**WORK REQUIRED:** Would you please copy only the lines from the line that contains "Beach, FL 33139" to the end of the data below, exactly, leaving every picture out?

**PROVIDED MATERIAL:**

════════

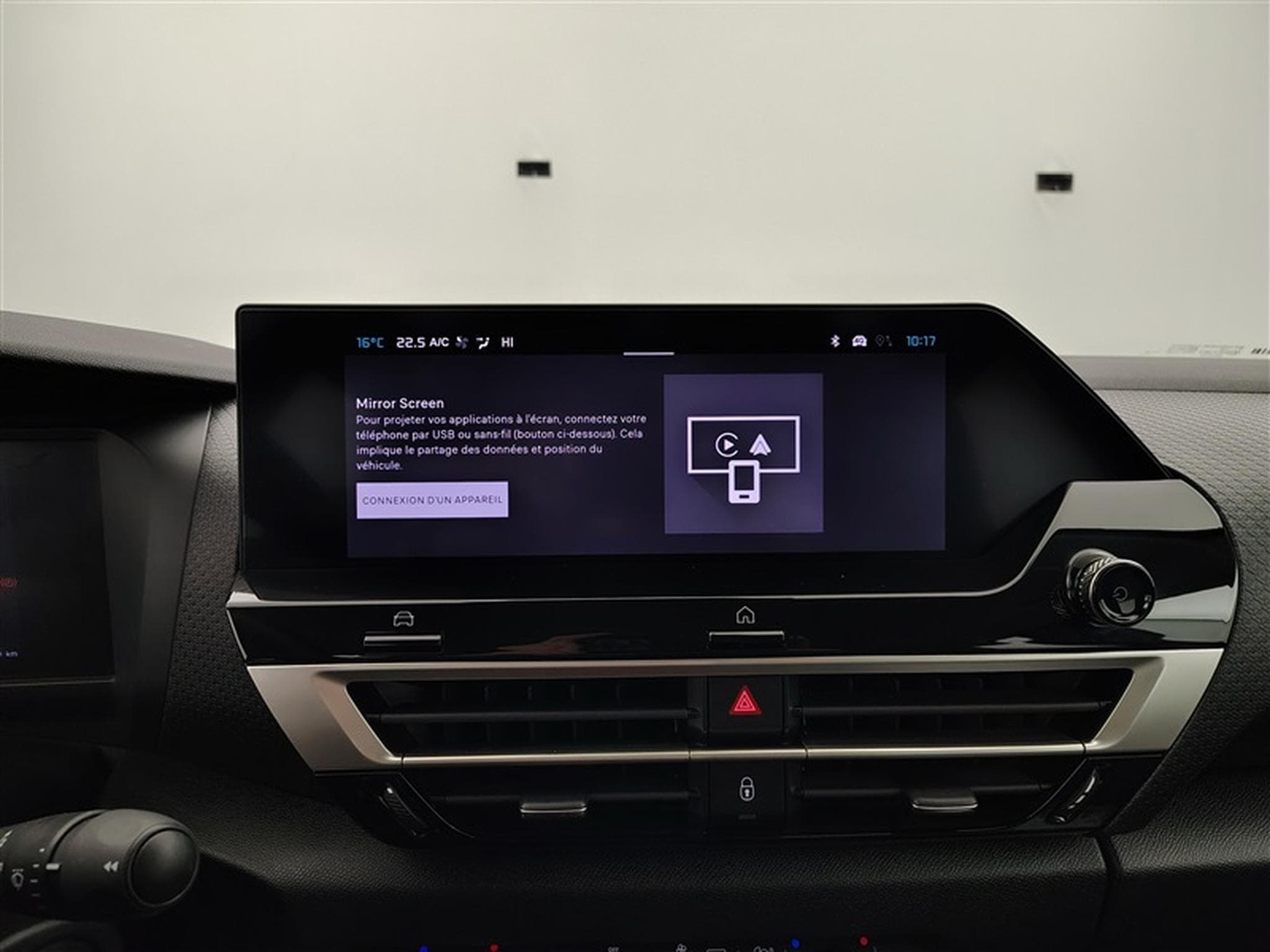 Citroen C4 1.2 Hybrid 145cv e-DCS6 Plus NAVI / FULL LED / CAMERA (2025) - Foto 20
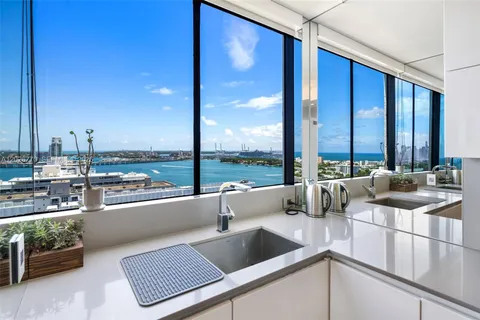 $1,030,000 | 1330 West Avenue, Unit 2414, Miami Beach, FL 33139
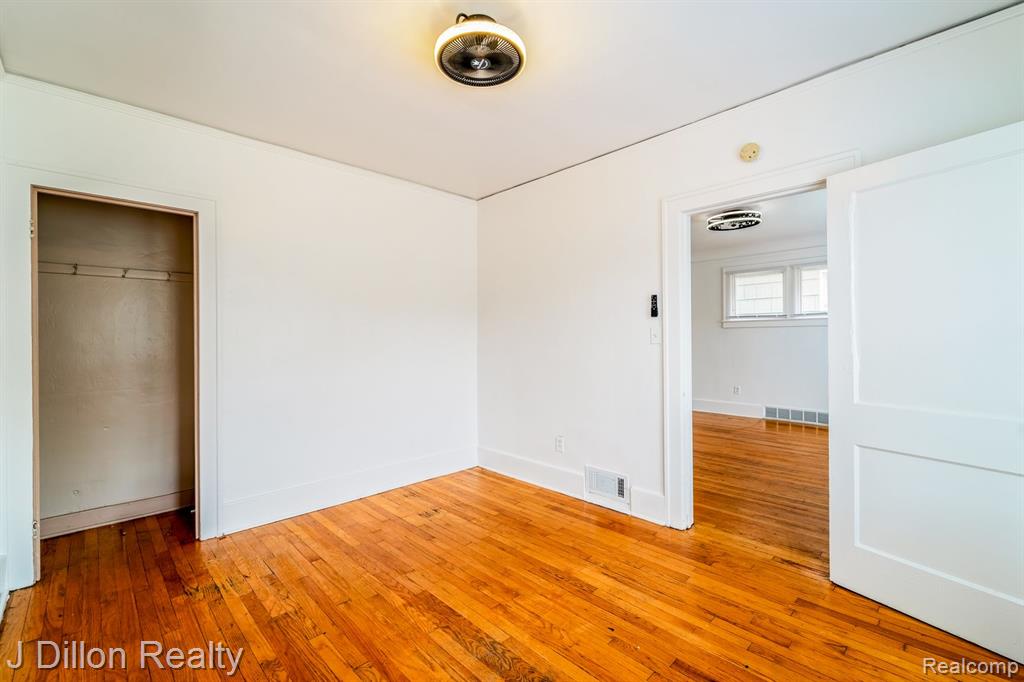 48 Orchard Street River Rouge, MI 48218 - Photo 23 of 44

════════

**OUTPUT:**
 $1,030,000 | 1330 West Avenue, Unit 2414, Miami Beach, FL 33139
 48 Orchard Street River Rouge, MI 48218 - Photo 23 of 44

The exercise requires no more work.